Therefore, the total number of values we need to store is $2 + 1 + 3 + 18 + 4 = 28$ values.

### Conditional Independence  and D-seperation

Conditional independence is an important notion in graphical models. Consider three sets of nodes $X$, $Y$ and $Z$. $X$ is said to be conditionally independent of $Y$, given $Z$ (written as $X \perp\!\!\!\perp Y | Z$)  if
$$
p(X, Y \mid Z) = p(X \mid Z) p(Y \mid Z).
$$


So, given a joint distribution characterised by a directed graphical model, how do we prove/disprove that two (sets of) variables are independent conditioned on another (set of) variables? The lecture introduced us to two ways of doing so:
- From the joint distribution, marginalise all irrelevant variables. We should now have $p(X, Y, Z)$. Then show that, based on the structure of the graph, we can factorise $p(X, Y \mid Z)$ into $p(X \mid Z) p(Y \mid Z)$. An equivalent way is to show $p(X \mid Y, Z) = p(X \mid Z)$.
- (D-separation) Consider all *undirected* paths from any node in $X$ to any node in $Y$. $X$ is conditionally independent of $Y$ given $Z$ if and only if every such path is *blocked*, that is, the path includes a node such that
 - The node is in set $Z$ and it is HT or TT, or
 - The node is HH, but neither the node nor any of its descendants is in set $Z$.

**Example proof.**
Below is an example to proof using D-separation that in the above graph $C \perp\!\!\!\perp E | D$.

*(Using the first way)*
We will show that $p(E \mid C, D) = p(E \mid D)$. Exploiting the structure of the graph, we have:
$$
\begin{align*}
p(E \mid C, D) = \frac{p(E, C, D)}{p(C, D)}.
\end{align*}
$$
The numerator is
$$
\begin{align*}
p(E, C, D) & = \sum_{b} p(E \mid D) p(D \mid C, b) p(b) p(C) \\
& = p(C) p(E \mid D) \sum_{b} p(D \mid C, b) p(b) \\
& = p(C) p(E \mid D) \sum_{b} p(D, b \mid C) \\
& = p(C) p(E \mid D) p(D \mid C).
\end{align*}
$$
The denominator is
$$
\begin{align*}
p(C, D) & = \sum_{b} p(D \mid C, b) p(b) p(C) \\
& = p(C) \sum_{b} p(D \mid C, b) p(b) \\
& = p(C) \sum_{b} p(D, b \mid C) \\
& = p(C) p(D \mid C).
\end{align*}
$$
Therefore, $p(E \mid C, D) = \frac{p(C) p(E \mid D) p(D \mid C)}{p(C) p(D \mid C)} = p(E \mid D)$, which by definition implies that $E$ is independent of $C$ conditioned on $D$.

*(Using D-separation)*
There is only one (undirected) path from $C$ to $E$, which is $C \rightarrow D \rightarrow E$. This path contains node $D$, which is observed and is a HT node. Therefore, this path must be blocked. Since all paths between $C$ and $D$ are blocked, $C \perp\!\!\!\perp E | D$.
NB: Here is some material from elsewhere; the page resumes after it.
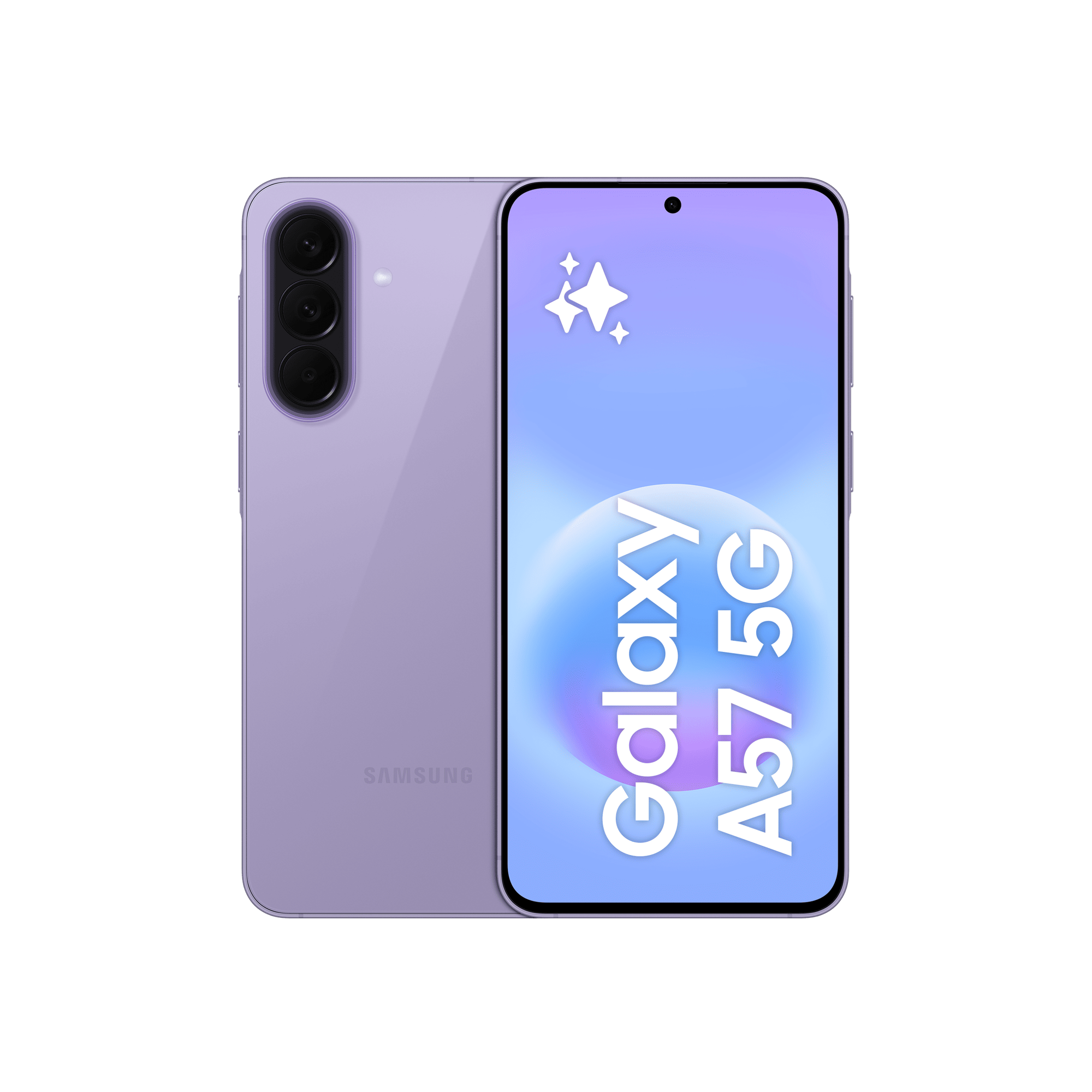 Samsung Galaxy A57 5G 128 GB Awesome Lilac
**Exercise 5.** Identify and prove whether the conditional independences holds for the following cases: 

(a) A and D, when B is observed.

(b) B and C, when none of the variables are observed.

(c) B and C, when E is observed.

(d) A and C, when none of the variables are observed.

(e) A and C, when B is observed.

(f) A and E, when D is observed.

### Calculating distributions for BN

**Exercise 6.** Consider the following tables.

|p(B) | B=n | B=m | B=s |
|:-----:|:--:|:--:|:--:|
|marginal| 0.97 | 0.01 | 0.02 |

|p(C) | C=False | C=True |
|:-----:|:--:|:--:|
|marginal| 0.7 | 0.3 |

| p(A\|B) | B=n | B=m | B=s |
|:-----:|:--:|:--:|:--:|
|**A**=False |0.9|0.8|0.3|
|**A**=True |0.1|0.2|0.7|

| p(D\|B,C) | B=n, C=F | B=m, C=F | B=s, C=F | B=n, C=T | B=m, C=T | B=s, C=T |
|:-----:|:--:|:--:|:--:|:--:|:--:|:--:|
|**D**=healthy   |0.9 |0.8 |0.1 |  0.3 |0.4 |0.01|
|**D**=carrier   |0.08|0.17|0.01|  0.05|0.05|0.01|
|**D**=sick      |0.01|0.01|0.87|  0.05|0.15|0.97|
|**D**=recovering|0.01|0.02|0.02|  0.6 |0.4 |0.01|


| p(E\|D) | D=h | D=c | D=s | D=r |
|:-----:|:--:|:--:|:--:|:--:|
|**E**=False | 0.99 | 0.99| 0.4| 0.9|
|**E**=True | 0.01| 0.01| 0.6| 0.1|

Compute the following:
- $p(A,B,C,D,E)$
- $p(E)$
- $p(E \mid B=s)$
- $p(E \mid B=s, C=T)$

Note that there are two ways of arriving at the distributions:
1. By computing p(A,B,C,D,E) and marginalising and conditioning appropriately
2. By only computing the required distributions directly using the graphical model structure.

### Solution

The sample solution illustrates the key points of the two ways of computing the distributions.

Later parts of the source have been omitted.